In most studies on prosodIc structure, two or three levels of constituency above the prosodic word are usually assumed: the accentual phrase (also named minor phrase or clitic group), the intermediate phrase (also named major phrase or phonological phrase) and the intonational phrase. The different names assigned to these units often reflect distinct perspectives in apprehending prosodic structure, among which we may distinguish an intonation-based approach and a grammatically-driven approach. Because of these differences, endless debates exist on the validity of the various units.
In this communication, based on analysis of French prosody and on an examination of the intermediate phrase, we will argue for an approach that clearly distinguishes between metrically and intonationally-based prosodic units.

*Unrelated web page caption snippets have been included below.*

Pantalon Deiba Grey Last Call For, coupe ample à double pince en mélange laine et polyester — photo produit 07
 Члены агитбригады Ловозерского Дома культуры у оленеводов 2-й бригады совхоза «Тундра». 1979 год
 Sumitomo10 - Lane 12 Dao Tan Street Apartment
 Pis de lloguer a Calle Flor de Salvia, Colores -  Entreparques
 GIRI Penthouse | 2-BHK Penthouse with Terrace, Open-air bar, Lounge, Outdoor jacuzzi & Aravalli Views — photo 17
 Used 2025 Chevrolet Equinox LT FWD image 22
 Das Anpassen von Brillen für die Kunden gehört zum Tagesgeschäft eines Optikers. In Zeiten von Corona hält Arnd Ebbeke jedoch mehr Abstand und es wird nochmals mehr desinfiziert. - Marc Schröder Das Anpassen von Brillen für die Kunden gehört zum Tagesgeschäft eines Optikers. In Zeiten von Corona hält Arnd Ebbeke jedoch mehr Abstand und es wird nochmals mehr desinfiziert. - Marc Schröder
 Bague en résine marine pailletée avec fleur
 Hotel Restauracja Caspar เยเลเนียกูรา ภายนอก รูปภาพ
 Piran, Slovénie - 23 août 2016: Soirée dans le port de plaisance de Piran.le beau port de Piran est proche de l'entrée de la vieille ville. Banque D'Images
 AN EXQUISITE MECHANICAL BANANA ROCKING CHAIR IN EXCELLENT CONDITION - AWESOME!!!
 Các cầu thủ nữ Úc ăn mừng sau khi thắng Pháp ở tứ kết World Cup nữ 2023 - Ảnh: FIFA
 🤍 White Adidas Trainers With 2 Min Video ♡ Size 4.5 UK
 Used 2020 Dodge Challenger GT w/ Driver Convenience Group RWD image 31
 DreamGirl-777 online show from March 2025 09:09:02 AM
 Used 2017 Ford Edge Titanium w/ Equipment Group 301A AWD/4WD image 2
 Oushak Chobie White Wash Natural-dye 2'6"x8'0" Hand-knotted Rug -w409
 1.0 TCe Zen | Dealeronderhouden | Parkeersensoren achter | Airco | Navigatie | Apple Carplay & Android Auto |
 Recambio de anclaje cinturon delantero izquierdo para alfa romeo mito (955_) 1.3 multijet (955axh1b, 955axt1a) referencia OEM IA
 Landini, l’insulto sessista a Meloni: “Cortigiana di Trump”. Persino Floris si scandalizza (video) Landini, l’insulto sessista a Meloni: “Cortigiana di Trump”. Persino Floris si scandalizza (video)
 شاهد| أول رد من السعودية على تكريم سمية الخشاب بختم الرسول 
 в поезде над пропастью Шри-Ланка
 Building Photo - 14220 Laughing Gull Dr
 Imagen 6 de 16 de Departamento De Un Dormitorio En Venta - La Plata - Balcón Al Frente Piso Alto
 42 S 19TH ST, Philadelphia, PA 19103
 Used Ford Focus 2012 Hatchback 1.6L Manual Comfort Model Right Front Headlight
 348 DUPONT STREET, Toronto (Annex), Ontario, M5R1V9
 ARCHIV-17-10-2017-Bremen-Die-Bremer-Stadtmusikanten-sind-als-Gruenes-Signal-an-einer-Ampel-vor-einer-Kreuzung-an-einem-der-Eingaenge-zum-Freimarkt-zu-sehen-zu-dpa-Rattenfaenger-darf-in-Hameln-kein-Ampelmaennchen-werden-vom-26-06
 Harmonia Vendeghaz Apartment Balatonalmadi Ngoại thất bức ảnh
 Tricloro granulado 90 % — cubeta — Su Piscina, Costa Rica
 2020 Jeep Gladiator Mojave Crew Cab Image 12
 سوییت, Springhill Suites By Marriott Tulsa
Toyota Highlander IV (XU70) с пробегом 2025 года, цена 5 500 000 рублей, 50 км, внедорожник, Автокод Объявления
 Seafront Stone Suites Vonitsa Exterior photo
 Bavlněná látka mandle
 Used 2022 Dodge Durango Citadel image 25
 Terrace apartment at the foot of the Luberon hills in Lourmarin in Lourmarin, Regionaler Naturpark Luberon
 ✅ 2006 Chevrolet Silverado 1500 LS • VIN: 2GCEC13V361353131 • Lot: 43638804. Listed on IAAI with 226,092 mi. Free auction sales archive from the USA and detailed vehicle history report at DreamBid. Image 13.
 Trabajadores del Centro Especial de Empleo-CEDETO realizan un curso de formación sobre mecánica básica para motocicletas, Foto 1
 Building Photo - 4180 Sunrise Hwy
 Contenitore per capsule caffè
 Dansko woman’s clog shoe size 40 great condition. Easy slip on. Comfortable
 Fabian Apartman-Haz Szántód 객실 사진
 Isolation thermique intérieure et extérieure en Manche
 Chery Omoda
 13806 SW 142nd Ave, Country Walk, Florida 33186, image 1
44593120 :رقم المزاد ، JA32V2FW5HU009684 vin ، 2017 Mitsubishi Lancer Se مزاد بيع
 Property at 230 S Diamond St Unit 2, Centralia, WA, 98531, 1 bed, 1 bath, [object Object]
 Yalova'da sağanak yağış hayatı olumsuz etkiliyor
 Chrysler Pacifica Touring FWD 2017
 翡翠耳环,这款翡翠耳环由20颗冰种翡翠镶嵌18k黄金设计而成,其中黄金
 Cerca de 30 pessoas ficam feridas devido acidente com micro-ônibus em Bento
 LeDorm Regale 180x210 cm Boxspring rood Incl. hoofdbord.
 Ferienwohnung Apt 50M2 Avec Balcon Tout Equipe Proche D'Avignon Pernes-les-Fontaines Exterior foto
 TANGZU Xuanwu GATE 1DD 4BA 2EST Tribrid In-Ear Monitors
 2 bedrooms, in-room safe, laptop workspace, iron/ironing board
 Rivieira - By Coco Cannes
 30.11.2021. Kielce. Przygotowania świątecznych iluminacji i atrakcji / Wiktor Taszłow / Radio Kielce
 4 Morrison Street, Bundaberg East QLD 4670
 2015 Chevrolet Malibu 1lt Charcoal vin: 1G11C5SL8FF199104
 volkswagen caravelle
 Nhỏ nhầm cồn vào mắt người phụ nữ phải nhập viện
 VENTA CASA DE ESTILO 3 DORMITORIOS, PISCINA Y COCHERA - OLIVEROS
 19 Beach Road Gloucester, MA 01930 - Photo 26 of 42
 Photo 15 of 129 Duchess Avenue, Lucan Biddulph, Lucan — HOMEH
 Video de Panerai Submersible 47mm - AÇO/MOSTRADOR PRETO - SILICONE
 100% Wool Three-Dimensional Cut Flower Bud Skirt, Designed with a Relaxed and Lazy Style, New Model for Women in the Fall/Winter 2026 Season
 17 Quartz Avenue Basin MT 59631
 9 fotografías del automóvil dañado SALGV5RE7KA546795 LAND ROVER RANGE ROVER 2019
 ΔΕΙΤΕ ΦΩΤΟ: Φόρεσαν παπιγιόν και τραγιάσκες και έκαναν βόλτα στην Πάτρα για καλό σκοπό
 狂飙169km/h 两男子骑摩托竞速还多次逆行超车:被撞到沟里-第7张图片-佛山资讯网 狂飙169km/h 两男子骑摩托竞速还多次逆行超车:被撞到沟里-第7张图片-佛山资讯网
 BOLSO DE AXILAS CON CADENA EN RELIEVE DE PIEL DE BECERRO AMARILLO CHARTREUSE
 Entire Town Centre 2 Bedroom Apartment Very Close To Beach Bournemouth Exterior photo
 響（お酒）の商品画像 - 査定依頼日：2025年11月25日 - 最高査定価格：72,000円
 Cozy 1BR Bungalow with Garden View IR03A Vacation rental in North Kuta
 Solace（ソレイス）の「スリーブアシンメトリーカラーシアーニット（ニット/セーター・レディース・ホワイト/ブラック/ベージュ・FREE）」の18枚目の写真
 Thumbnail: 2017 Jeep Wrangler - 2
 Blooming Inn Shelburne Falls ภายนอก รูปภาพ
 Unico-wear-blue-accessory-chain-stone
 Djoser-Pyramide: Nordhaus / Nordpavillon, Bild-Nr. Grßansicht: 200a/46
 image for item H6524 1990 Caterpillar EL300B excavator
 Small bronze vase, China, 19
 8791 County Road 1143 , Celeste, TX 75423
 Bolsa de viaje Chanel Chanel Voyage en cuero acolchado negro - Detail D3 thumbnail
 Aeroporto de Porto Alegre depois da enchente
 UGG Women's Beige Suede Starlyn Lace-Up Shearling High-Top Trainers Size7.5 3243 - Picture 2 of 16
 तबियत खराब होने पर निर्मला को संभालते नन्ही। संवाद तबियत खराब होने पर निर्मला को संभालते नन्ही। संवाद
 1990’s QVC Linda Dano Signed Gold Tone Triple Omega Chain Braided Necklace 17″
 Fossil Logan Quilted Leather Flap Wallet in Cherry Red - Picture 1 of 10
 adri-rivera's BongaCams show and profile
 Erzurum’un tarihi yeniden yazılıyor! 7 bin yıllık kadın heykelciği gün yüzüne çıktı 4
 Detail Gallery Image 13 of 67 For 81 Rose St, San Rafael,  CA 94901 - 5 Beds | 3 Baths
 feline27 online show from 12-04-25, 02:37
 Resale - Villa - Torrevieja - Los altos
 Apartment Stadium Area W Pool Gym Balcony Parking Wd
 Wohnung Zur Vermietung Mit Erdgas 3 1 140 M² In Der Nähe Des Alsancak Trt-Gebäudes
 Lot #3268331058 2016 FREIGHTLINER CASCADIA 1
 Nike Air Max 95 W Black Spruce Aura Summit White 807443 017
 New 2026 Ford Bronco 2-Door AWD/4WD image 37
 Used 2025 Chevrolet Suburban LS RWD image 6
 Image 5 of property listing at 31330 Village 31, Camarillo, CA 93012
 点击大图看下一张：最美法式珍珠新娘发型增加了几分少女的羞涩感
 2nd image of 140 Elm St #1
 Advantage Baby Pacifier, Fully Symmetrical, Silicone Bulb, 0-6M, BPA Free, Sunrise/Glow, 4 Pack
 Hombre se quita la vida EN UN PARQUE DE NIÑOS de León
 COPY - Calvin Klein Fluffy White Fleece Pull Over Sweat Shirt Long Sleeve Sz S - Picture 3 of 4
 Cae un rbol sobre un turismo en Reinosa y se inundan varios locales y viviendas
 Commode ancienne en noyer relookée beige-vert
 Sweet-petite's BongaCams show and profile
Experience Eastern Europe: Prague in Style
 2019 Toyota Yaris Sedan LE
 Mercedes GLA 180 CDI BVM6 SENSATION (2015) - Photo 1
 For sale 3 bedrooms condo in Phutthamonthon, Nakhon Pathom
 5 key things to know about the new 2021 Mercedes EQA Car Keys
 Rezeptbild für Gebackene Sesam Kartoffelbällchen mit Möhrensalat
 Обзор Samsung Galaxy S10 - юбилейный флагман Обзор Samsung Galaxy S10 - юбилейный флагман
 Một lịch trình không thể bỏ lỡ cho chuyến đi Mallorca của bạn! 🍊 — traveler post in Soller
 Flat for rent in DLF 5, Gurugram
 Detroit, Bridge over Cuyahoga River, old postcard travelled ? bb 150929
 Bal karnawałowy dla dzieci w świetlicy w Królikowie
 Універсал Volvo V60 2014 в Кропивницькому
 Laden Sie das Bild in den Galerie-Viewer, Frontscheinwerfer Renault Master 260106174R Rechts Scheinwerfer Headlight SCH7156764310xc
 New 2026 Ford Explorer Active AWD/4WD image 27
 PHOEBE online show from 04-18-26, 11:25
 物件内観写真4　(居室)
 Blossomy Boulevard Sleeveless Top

First, we will clarify the extension and status of the intermediate phrase in such a way as to consider it essentially as a metrically-driven prosodic unit. Second, a distinction will be made between this metrically-driven phrase and two types of intonational phrases on the basis of the intonational contours occurring at their right edge.
This proposal is based on (a) the inventory and possible realisations of the contours at the right edge of these phrases, and (b) their relation with the morpho-syntactic and semantic structures. Note that our proposal accounts for phrasing and intonation contour choice at the underlying phonological level, the way the contours are realized being seen as resulting from choices made in other parts of the grammar and from performance factors.